=== Records shown ===
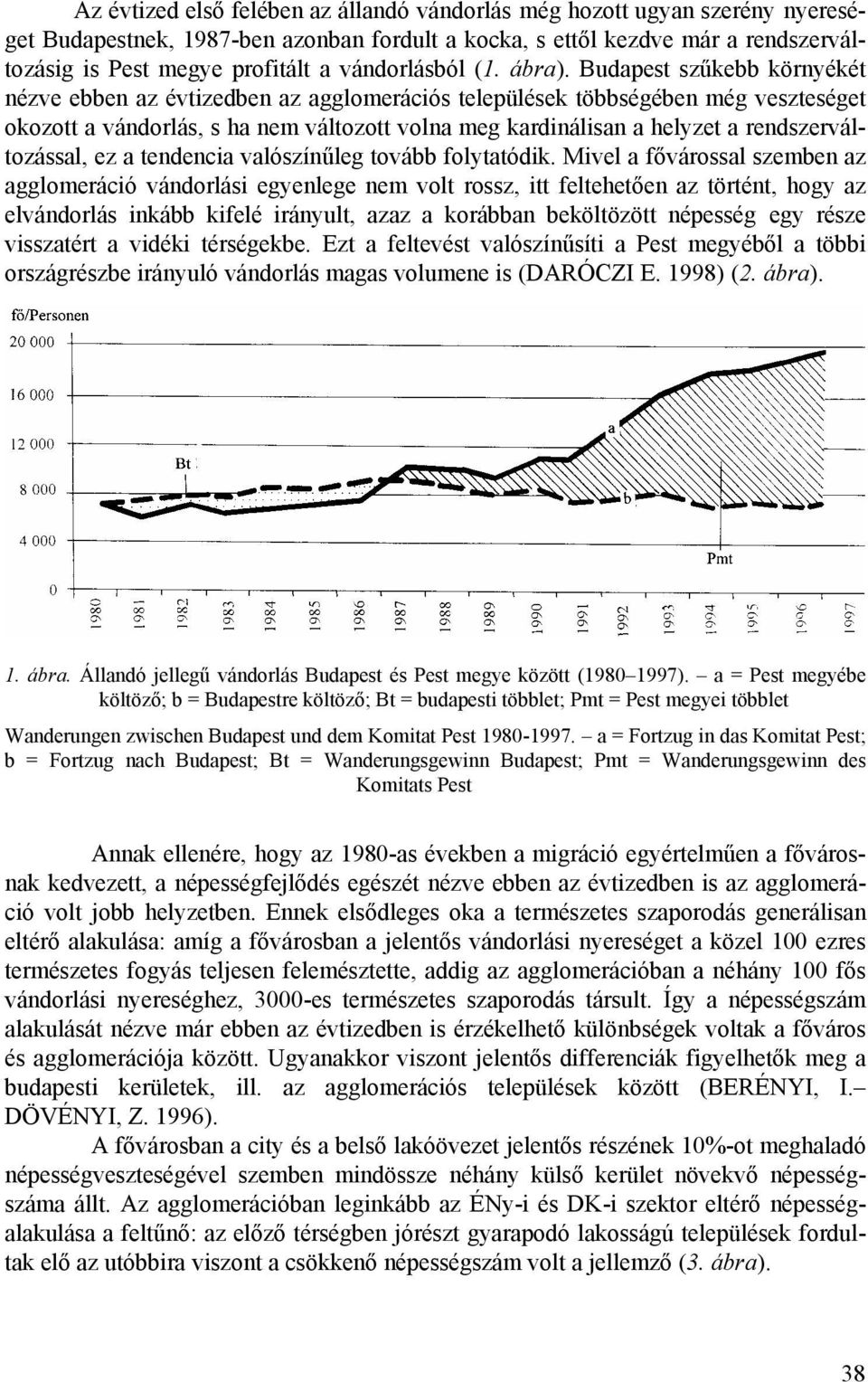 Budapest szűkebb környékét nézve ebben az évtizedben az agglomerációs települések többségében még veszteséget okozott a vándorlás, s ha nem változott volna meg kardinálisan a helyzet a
===
=== Records shown ===
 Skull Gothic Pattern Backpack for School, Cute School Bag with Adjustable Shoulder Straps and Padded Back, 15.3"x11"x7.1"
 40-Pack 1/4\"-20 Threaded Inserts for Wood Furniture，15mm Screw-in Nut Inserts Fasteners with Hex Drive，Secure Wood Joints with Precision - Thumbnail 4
===
=== Records shown ===
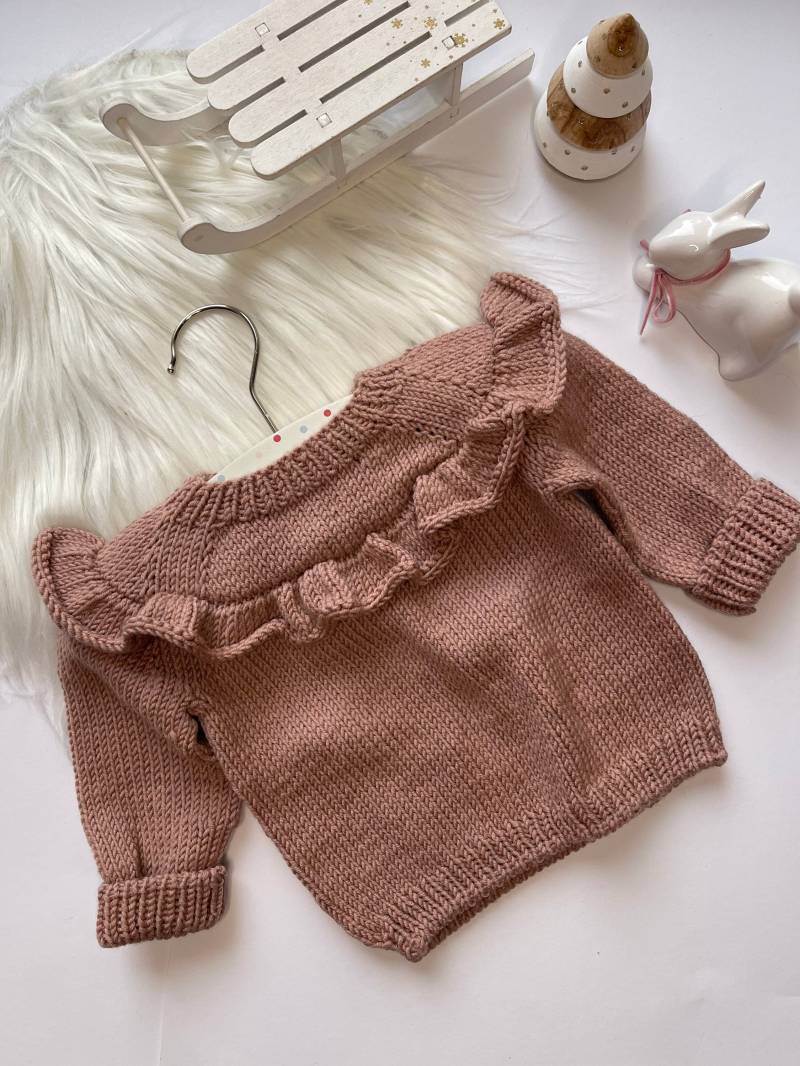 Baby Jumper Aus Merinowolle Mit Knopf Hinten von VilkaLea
===
--- Problem ---
Go through the listing, and whenever a line contains the string "with", copy that line.

--- Output of the exercise ---
 Skull Gothic Pattern Backpack for School, Cute School Bag with Adjustable Shoulder Straps and Padded Back, 15.3"x11"x7.1"
 40-Pack 1/4\"-20 Threaded Inserts for Wood Furniture，15mm Screw-in Nut Inserts Fasteners with Hex Drive，Secure Wood Joints with Precision - Thumbnail 4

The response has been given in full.